虐げられた墨の華は、冷酷貴人の幸せな花嫁になりました

 五歳の清花は母、美百合と小さな家で暮らしていた。父は清花が産まれる前に亡くなったため、母娘ふたりきりである。
 藁の床、雨漏りする屋根。無墨民の貧しさの中でも、母はいつも笑っていた。
 夜になると母はよく清花の手を取り、地面に筆で文字を書かせた。紙は買えなかったが、母の文字は魔法のようだった。

 『文字は心を映すのよ、清花。どんなときも、筆に魂を込めなさい』

 美百合の声は優しく、月光に照らされた笑顔はあたたかかった。母の書は、貧しさの中でも希望の光だった。
 母は〝美百合〟と自分の名を書き、清花に真似させた。小さな指で地面に書いた〝美百合〟の文字は、まるで蝶が舞うように揺れた。無墨民である清花に、そのような力などないはずなのに。
 清花は目を輝かせ、母に抱きついた。

 『母さん、私にも墨魂が使えるの?』

 清花が問うが、美百合は悲しく笑うばかり。その後、母は病に倒れ、八歳の清花を残して逝った。
 しかし清花には、悲しみに暮れる間もない。清花が引き取られた三木谷(みきたに)家は筆匠と呼ばれる階級の上流家庭で、表向きは慈善だった。

 だがその実、清花の居場所は台所の隅に敷かれた薄い座布団ひとつ。朝は誰よりも早く起こされ、誰よりも遅く眠る日々。食卓に並ぶ食事に清花の箸はなく、残飯を黙って受け取るのが日課となっていた。
 声を出すと怒られ、目が合うと睨まれた。
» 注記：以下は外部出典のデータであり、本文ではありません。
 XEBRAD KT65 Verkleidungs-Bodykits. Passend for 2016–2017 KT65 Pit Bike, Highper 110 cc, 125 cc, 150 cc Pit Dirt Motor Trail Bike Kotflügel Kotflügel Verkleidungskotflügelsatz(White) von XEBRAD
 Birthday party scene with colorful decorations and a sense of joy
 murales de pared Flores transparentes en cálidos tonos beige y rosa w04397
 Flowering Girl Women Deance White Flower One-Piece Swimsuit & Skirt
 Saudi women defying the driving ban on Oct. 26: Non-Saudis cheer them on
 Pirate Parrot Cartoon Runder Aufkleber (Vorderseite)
名前ではなく『下女虫(げじょむし)』と呼ばれ、存在は使用人以下だった。

 服は母から受け継いだもので、ほころびを針と糸でなおす時間すら与えられない。寒い日も、裸足のまま床を拭き続けた。

 清花を徹底的に虐めたのは、その家のひとり娘、真美子(まみこ)だ。
 同じ歳にもかかわらず、清花は真美子の顔を正面から見ることができなかった。目が合えば、ひどい仕打ちがはじまるからだ。
 それでも彼女の姿は横顔や背中、すれ違いざまの香りから嫌でも記憶に刻まれていった。
 白粉を塗っているわけではないのに陽に焼けることのないその肌は、まるで障子越しの光のようにやわらかいのに冷たい。瞳は艶やかで黒曜石のように美しかったが、清花には映るものすべてを値踏みするような冷たい光しか見えなかった。
 細い指先で清花の髪を引っ張り、針箱をよく庭に投げた。美しい指だが、清花にはそれが鞭のようにしか見えなかった。
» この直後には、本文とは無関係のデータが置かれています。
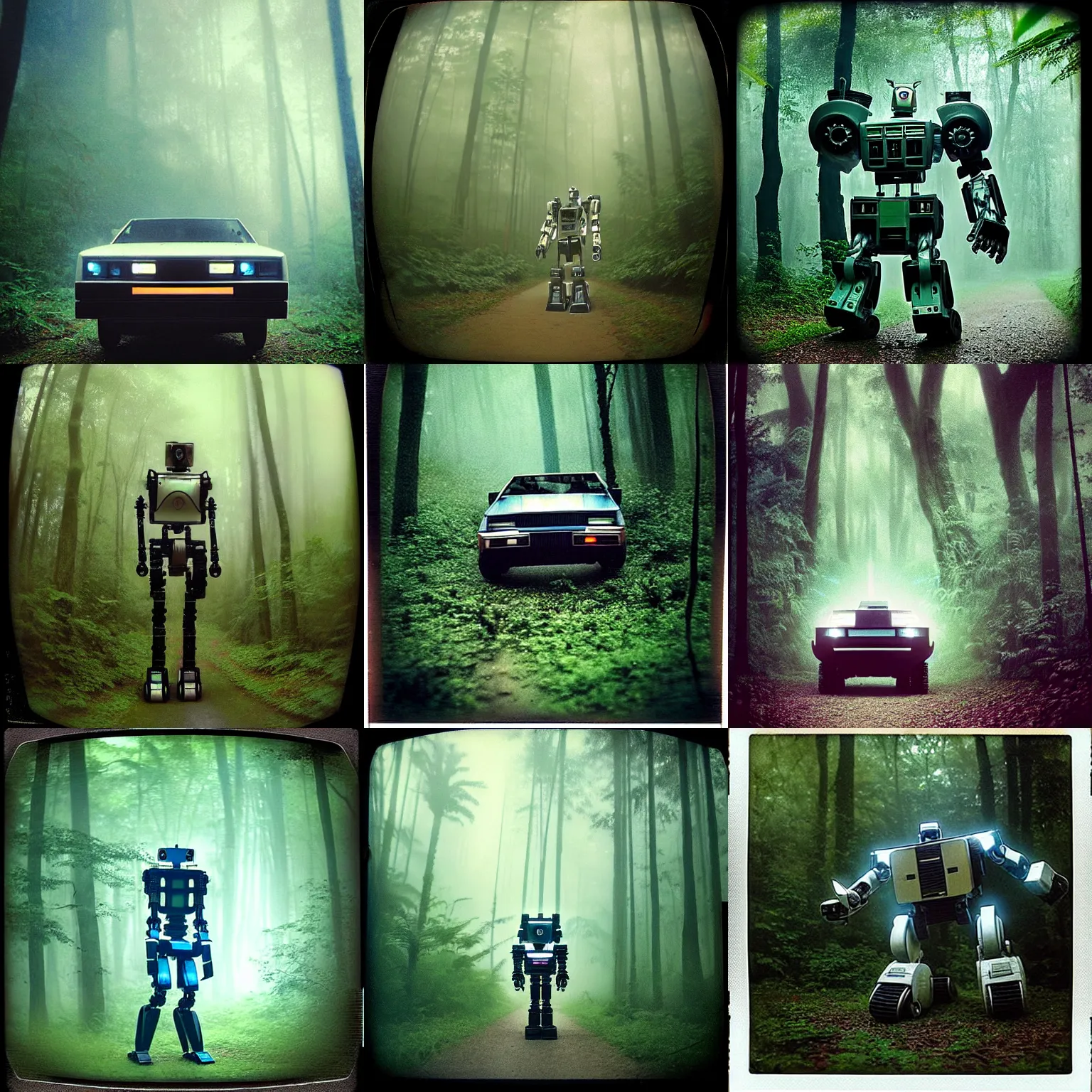 Prompt: trans - formers!!, robocar deloreanrobot mech, fog, in deep fairy jungle forest jungle, overcast! cinematic focus, old damagaed polaroid photo, vintage, neutral colors, faded!! very soft lights, big overcast, very foggy, full shot by steve hanks, by serov valentin, by lisa yuskavage, by andrei tarkovsky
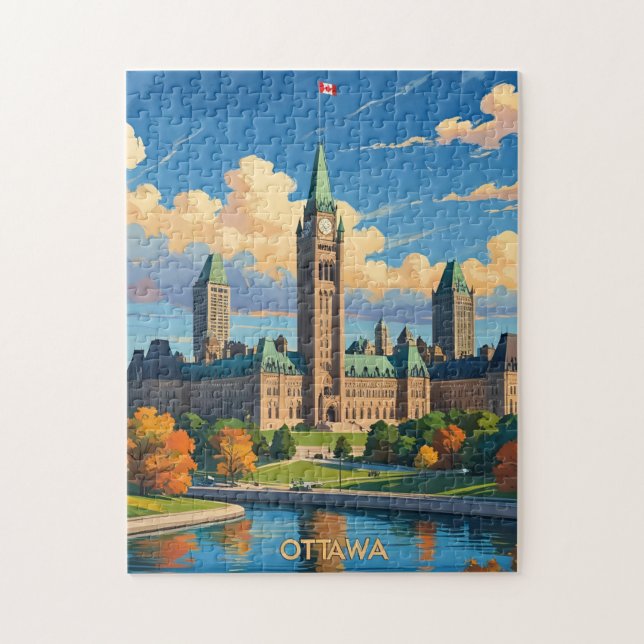 Quebra-cabeça Edifício do Parlamento do Canadá em Ottawa, silhue (Vertical)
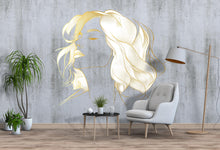 Load image into Gallery viewer, Gold Line Art Woman Wall Decal, Minimalist Female Face Wall Sticker, Modern Bedroom Wall Decor, Elegant Portrait Wall Art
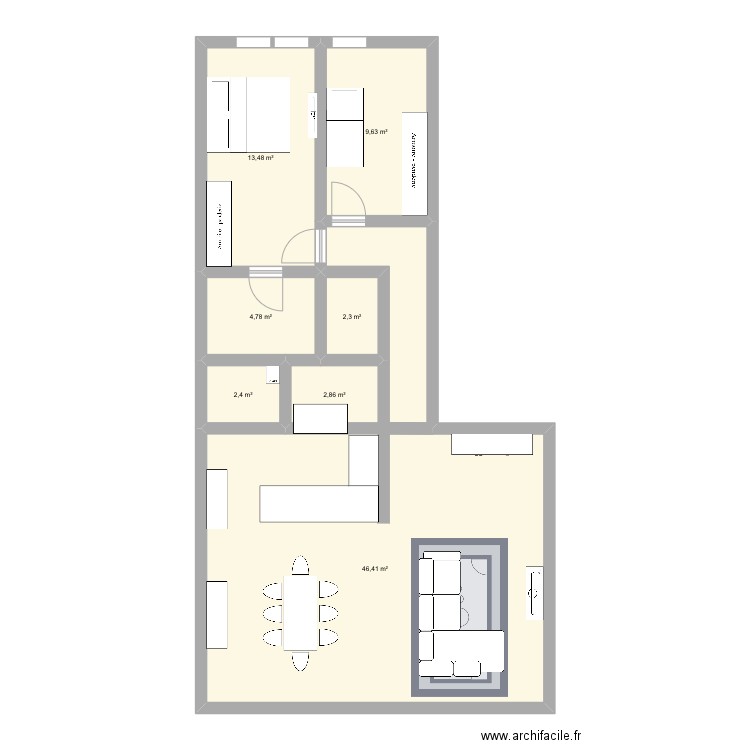 Mamina. Plan de 7 pièces et 87 m2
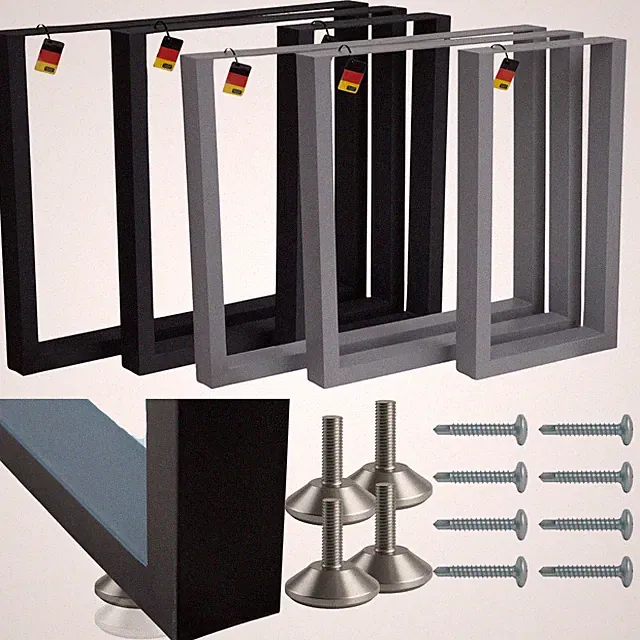 Tischbeine Tischgestell Tischkufen Metall pulverbeschichtet ink. Schrauben DIY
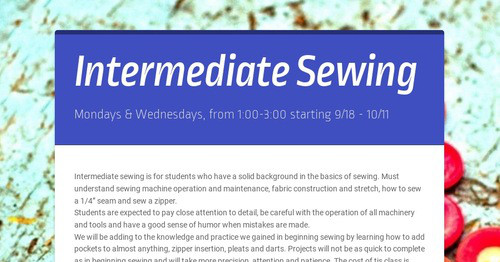 Intermediate Sewing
 清花が茶碗を洗っていると背後から水をかけられた。冷たい水が背中を伝い、濡れた裾が床に張りつく。

 『きゃっ……』

 振り返ると、真美子が笑っていた。

 『汚い下女虫には水が似合うわね。あんた、風呂なんて入ったことあるの?』

 清花は黙って俯く。答えれば怒られる。黙っていても怒られる。
 ある日、真美子は清花のほころびた服を見て、わざと客の前で声を上げた。

 『まあ、見てよ、このみすぼらしい格好! うちの雑巾のほうがまだマシじゃない?』

 客が苦笑する。清花はその場から逃げられず、ただ立ち尽くすばかり。
 真美子は清花の食事の時間になると、わざと残飯を床に落とした。

 『拾って食べなさいよ。虫なんだから、床のほうが落ち着くでしょ?』

 清花は無言で膝をつき、冷えた飯粒を指で集める。
 冬になると、真美子は清花の草履を隠した。外に出て水汲みを命じながら、笑いをこらえて言う。
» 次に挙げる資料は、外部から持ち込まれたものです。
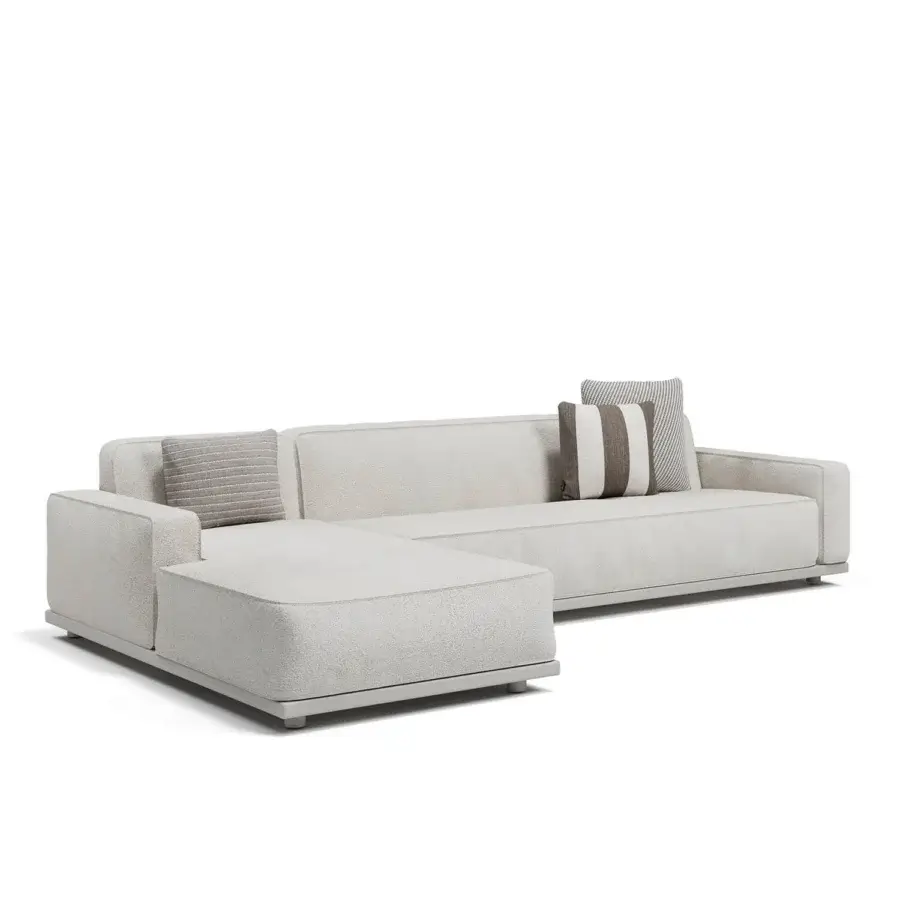Captivating Atmosphera Laguna sectional with textured woven fabric, square cushions and subtle striping in light neutral gray with a matte finish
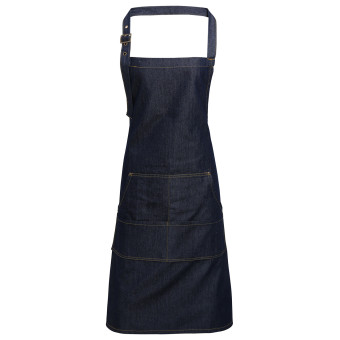 Premier Denim Contrast Bib Apron Indigo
 『裸足で行きなさいよ。あんたの足なんて、草履以下でしょう?』

 清花は凍える石畳を踏みしめながら、桶を抱えて歩いた。
 三木谷家の人間はもちろん、ほかの使用人もみな見て見ぬふり。誰も気づかず、誰も声をかけない。清花は声を出さないことが生きる知恵だと悟った。

 そうして二年の月日が流れたある日、清花は賀茂家に身売りされた。墨魂を持たぬ清花にとって、それは終わりではなく、永遠に続く監獄のようなものだった。
 賀茂家でもまた、清花は使用人として過酷な労働を強いられている。母の筆だけが、清花の心に残った宝物だった。